_Assigned task:_ The answer should hold only the lines from the one containing "NOMINE（ノミネ）の「サ" through the one containing "Image of the" in the entries below, copied exactly, without pictures.

═════ Exercise data ═════

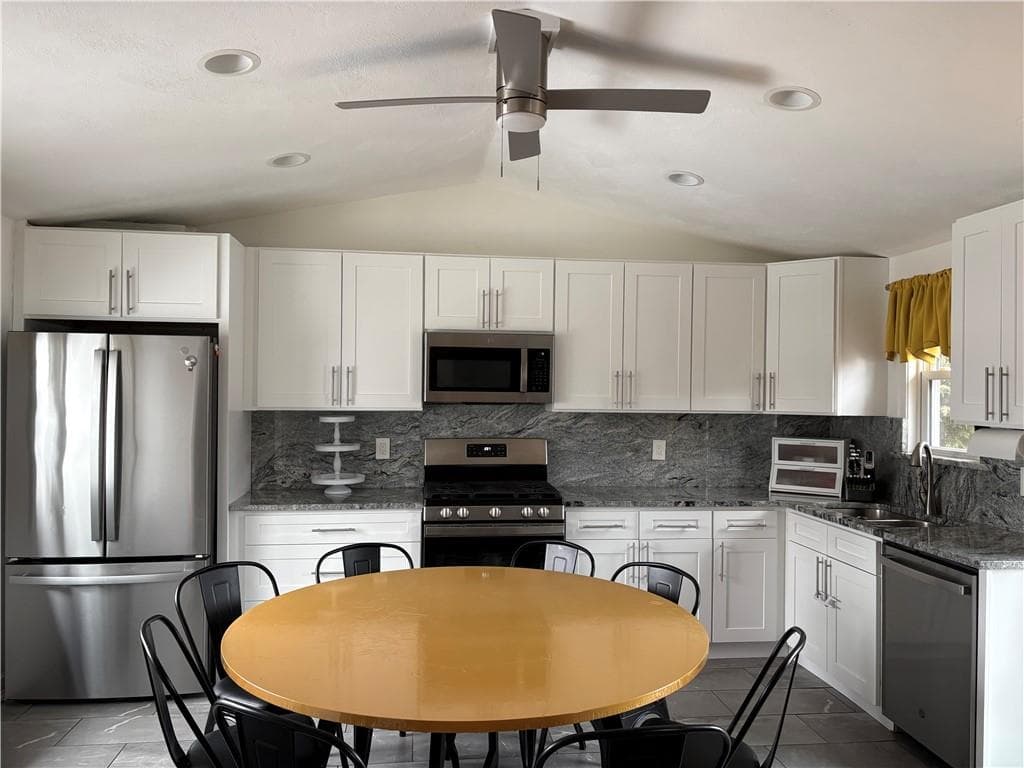 209 Windmill Street - Photo 2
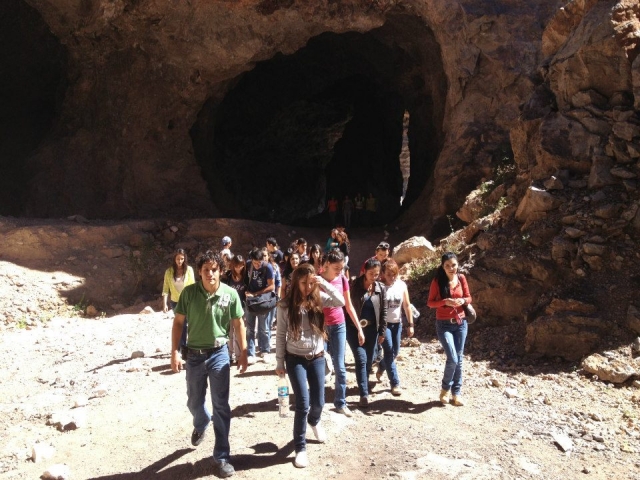 Paseo por cuevas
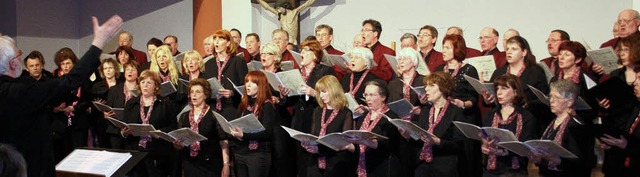 Zu einem Hhepunkt des Jahreskonzerts ... Auftritt von Frauen- und Mnnerchor.   | Foto: Walter Bronner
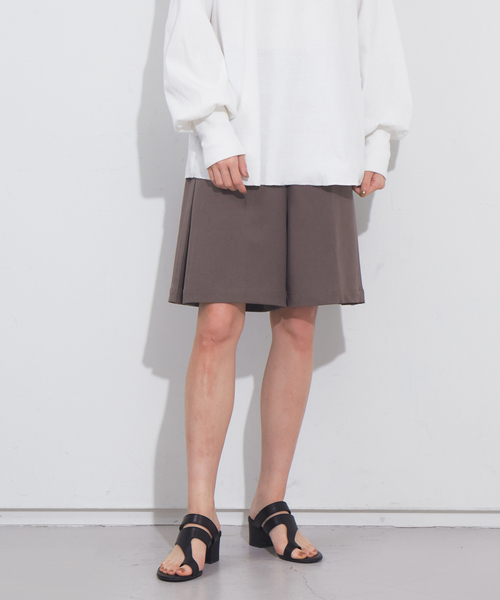 NOMINE（ノミネ）の「サイドタックショートパンツ【セットアップ対応】（その他パンツ・レディース・アイボリー/セージグリーン/モカ・フリー）」の6枚目の写真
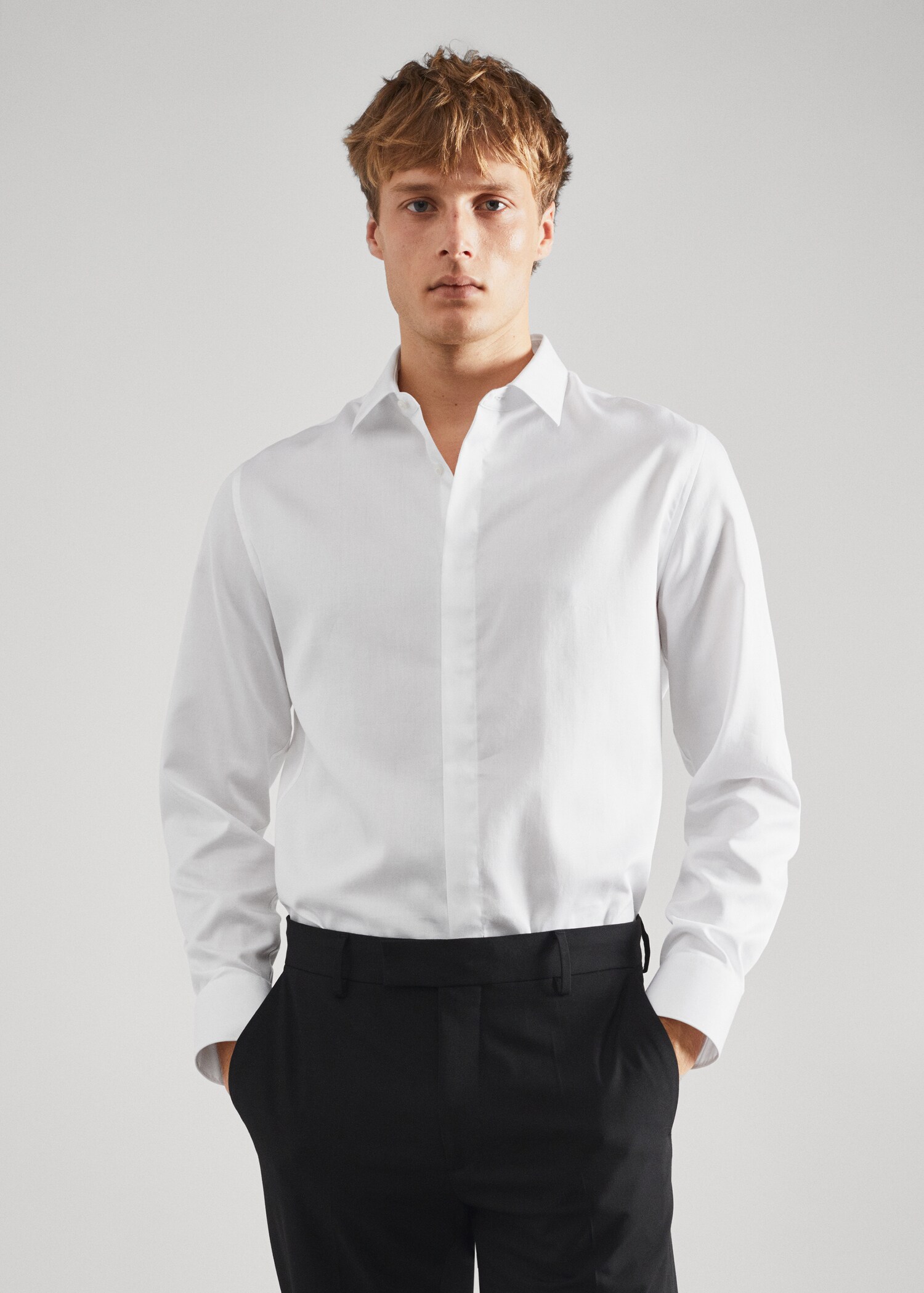 Slim-fit suit shirt with hidden buttons - Medium plane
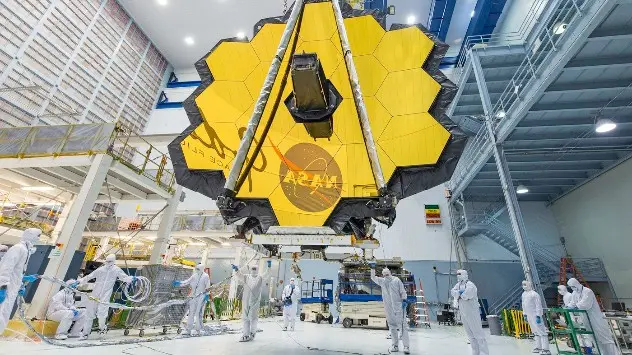 Image of the assembly of the James Webb Telescope
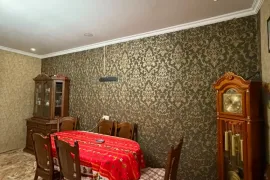 იყიდება ბინა, 4 ოთახიანი, ძველი აშენებული, ქუთაისი, ავტოქარხნის დასახლება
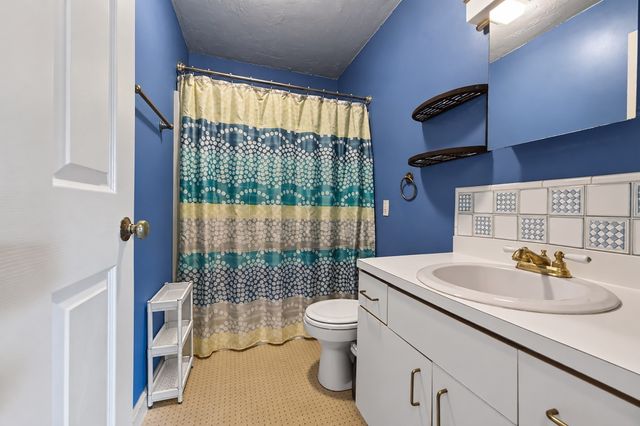 68 Bird St 2, Boston, MA 02125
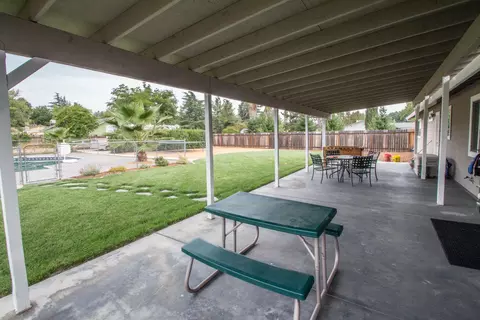 4960 Huntington Dr, Redding, CA 96002 photo 20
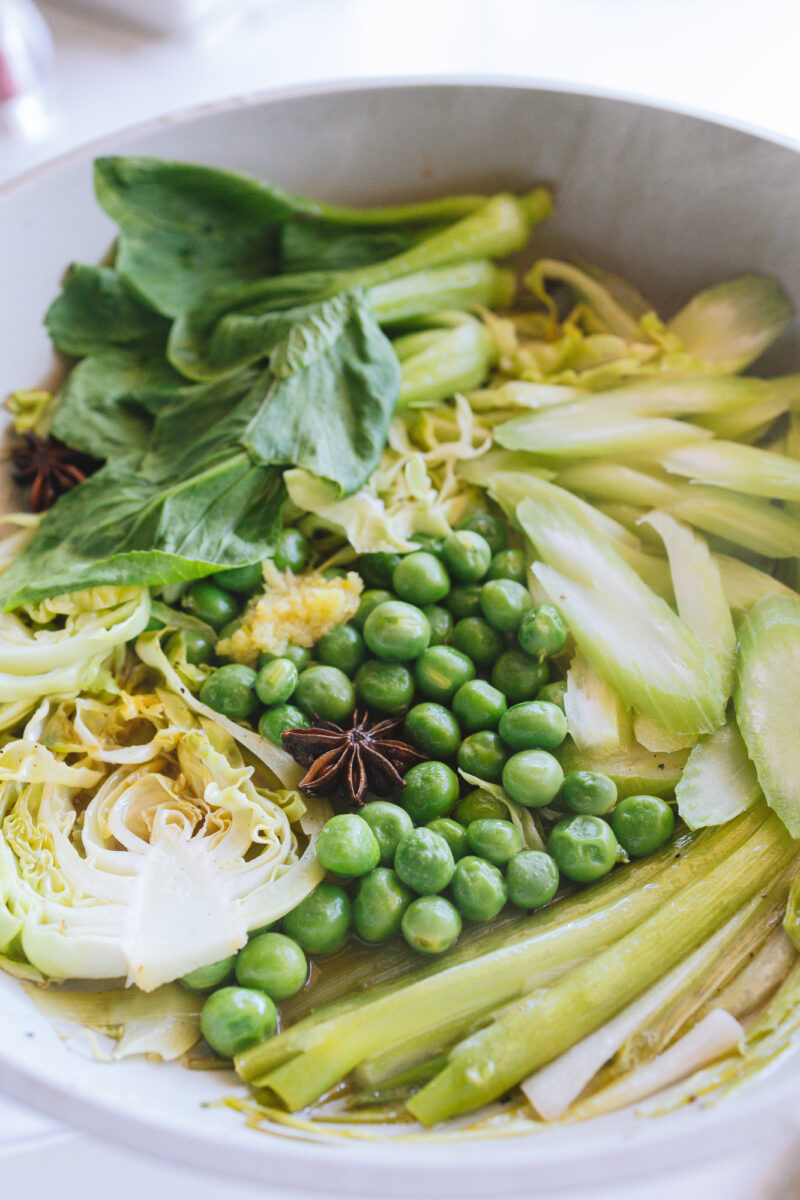 Vegan Soba Noodle Salad with Fresh Vegetables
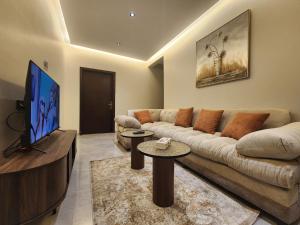 Family-Friendly 2BR Home with Kitchen - Al Munsiyah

═════

_Exercise response:_
 NOMINE（ノミネ）の「サイドタックショートパンツ【セットアップ対応】（その他パンツ・レディース・アイボリー/セージグリーン/モカ・フリー）」の6枚目の写真
 Slim-fit suit shirt with hidden buttons - Medium plane
 Image of the assembly of the James Webb Telescope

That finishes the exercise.